Undisclosed facial detection technology operated for approximately three years in one of Canada's busiest transit corridors — scanning an estimated 250,000–300,000 daily commuters — before a Reddit user noticed a small camera and disclaimer. The technology and corporate claims are similar to the Cadillac Fairview case, where the same type of AVA technology and similar assurances of "no data stored" were found by the OPC to be misleading. The case involves the question of whether meaningful consent is possible in a transit environment where people cannot practically avoid the technology.

Occurred: November 1, 2022 (approximate) to December 8, 2025 Reported: November 2, 2025

Narrative

Beginning in approximately late 2022, Cineplex Digital Media installed digital advertising screens equipped with small cameras in the entryway to Toronto’s Union Station Bus Terminal — Canada’s busiest multi-modal transit hub, serving an estimated 250,000–300,000 people daily. The cameras used Quividi’s AVA audience measurement software to detect faces in real time, estimate each viewer’s age range and gender using neural networks, and dynamically select which advertisement to display based on the inferred demographics.

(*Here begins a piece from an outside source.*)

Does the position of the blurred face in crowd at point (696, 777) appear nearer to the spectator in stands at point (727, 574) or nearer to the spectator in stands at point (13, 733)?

The screens operated for approximately three years with no public awareness. A small disclaimer embedded in the displays stated that “anonymous software” generated “statistics about audience counts, gender and approximate age only” and that “no images and no data unique to an individual person is recorded.” On November 2, 2025, a Reddit user posted a photo on r/Toronto showing the camera and disclaimer, sparking immediate public concern and media coverage.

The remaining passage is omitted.